The present writer ventures to suggest that under a general scheme of Tariff Reform, the home-grown food supply of the United Kingdom might be generally increased and cheapened, and Ireland, along with the other agricultural districts of the United Kingdom greatly developed, by an extension of the principle of the Parcel Post, and the constitution of a great Home-Grown Commodity Consignment Service worked through arrangements between the Post Office, the Railway Companies, the Agricultural Departments and Farmers' Co-operative Associations. The railways already provide special rates for farm produce. But if the system were organised by the State in connection with the Railways and Agricultural Associations, and the parcel post expanded from the carriage of parcels of eleven pounds weight to the carriage of consignments of a tonnage limit to be delivered on certain days at depots in the large cities and centres of population, great national interests might be served.

The value of proximity to the Home Markets which has been so depreciated in favour of foreign supplies by modern transit methods and quick sea passages, would be restored to the British and Irish farmer. If this were accompanied by a tariff system which would secure a preference for home-grown cereals such as oats and barley, a direct effect in stimulating agriculture, and an indirect effect in increasing winter dairying, cattle feeding and poultry rearing, would be produced. The country would become more self-sustaining. The peace food supply would be cheapened and the food supply in time of war augmented. The defensive power of the realm would be increased. If, under the new Tariff system, it seems not inexpedient to reimpose the small registration duty on imported foreign as contrasted with colonial wheat and flour, the revenue thus produced might, without exactly earmarking it, be applied partly towards encouraging and advancing agriculture in the United Kingdom, and partly towards financing such a Commodity Post as above suggested. This subvention to domestic, agricultural and pastoral industries would balance the tariff on foreign manufactured goods, and the farmer of England, Scotland and Ireland would share amply in the stimulus of a new fiscal policy. Tariff Reform may assist the manufacturer and artisan by imposing duties at the ports, and the farmer and agricultural labourer by cheapening transit and encouraging food production within the United Kingdom.

EQUIVALENT GRANTS IN AID.

In 1888 a system was inaugurated by which Grants in Aid of Local Purposes have been made in the Three Kingdoms on the basis that England should get 80 per cent., Scotland 11 per cent., and Ireland 9 per cent., when such subventions are given from the Imperial Exchequer. The Legislation sanctioning this proportional allocation began with the English Local Government Act of 1888, when Grants in Aid were made out of the Probate Duties, and has been carried into several other Statutes relating to England, Scotland and Ireland. These proportions have become to a large extent stereotyped in the allocation of such grants. The new basis of contribution was originated by Mr. Goschen and was stated by him to depend upon the amount of the assumed contribution of each country to the Revenue for Common purposes. The method of calculation, he said, was a very complex one.[80]

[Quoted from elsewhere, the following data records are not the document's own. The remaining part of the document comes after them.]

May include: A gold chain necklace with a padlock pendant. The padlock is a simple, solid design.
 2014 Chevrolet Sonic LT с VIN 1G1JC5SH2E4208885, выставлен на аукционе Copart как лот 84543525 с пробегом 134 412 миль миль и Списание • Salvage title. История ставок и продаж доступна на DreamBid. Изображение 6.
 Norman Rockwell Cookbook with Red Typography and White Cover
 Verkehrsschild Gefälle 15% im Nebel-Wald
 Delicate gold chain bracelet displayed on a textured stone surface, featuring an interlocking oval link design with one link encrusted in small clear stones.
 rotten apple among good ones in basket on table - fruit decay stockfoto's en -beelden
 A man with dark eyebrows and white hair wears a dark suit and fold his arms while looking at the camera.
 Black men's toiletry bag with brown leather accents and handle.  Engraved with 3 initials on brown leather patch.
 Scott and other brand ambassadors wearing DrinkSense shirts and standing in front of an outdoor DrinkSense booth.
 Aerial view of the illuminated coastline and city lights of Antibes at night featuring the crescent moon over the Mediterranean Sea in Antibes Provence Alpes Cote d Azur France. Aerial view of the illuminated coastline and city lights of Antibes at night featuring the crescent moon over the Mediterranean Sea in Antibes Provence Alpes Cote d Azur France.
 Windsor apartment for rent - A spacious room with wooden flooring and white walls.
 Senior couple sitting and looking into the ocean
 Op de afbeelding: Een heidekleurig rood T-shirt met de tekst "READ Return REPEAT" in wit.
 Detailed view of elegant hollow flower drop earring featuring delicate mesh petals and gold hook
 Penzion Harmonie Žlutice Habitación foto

It was pointed out at the time that under the new system the party that would probably require the largest amount of the grant would be the poorest country, and yet the richer country would get the larger proportionate grants.[81] The method of segregation is as follows. The Revenue and Expenditure Returns divide public expenditure into four clauses: (a) "Imperial or Common Services," (b) "English Services," (c) "Scottish Services," and (d) "Irish Services"; and having treated the three latter as "local services" and charged the particular outlay on them against each of the three countries, they estimate the balance left in cash as "the Contribution" of England, Scotland and Ireland to the "Imperial" Expenditure. It is admitted that this division is absolutely arbitrary. It has no sanction by any Act of Parliament. It is opposed to the system of Finance under the Act of Union. All the revenues of England, Scotland or Ireland are contributed for "Common" purposes, and in which all expenditure of any kind in any portion of the United Kingdom is alike "Common" or "Imperial." The details of the division were never disclosed, when the proportions were originally fixed. The segregation of the services classified as "Imperial" is open to serious objections. The method of computation is empirical and unconstitutional, and if carried to its logical conclusion would now result in depriving Ireland of any share whatever in future Equivalent grants, as her contribution to the services thus classified as "Imperial" is practically a minus quantity, though the revenue actually raised in Ireland is much higher than it ever has been before. This method of Distribution of Grants in Aid has been condemned by a succession of the highest financial authorities. Lord Ritchie, as Chancellor of the Exchequer, said, "he did not think it possible really to defend in all its details distribution by contribution."[82]

Mr. Wyndham said—

"It leads to results which all must hold to be illogical, and results which everybody in Ireland holds to be unjust because the greater the increase of taxation the less is the proportion that comes from Ireland, the poorer partner in the business, and so the less is the equivalent grant. As the evil increases the remedy diminishes, and you have only to force up taxation sufficiently high to extinguish the remedy altogether."[83]

Mr. Asquith said—

"A more confused and illogical condition of things it is impossible to imagine. The House ought really to take the opportunity of threshing out the principle upon which these equivalent grants ought to be distributed between the three countries."[84]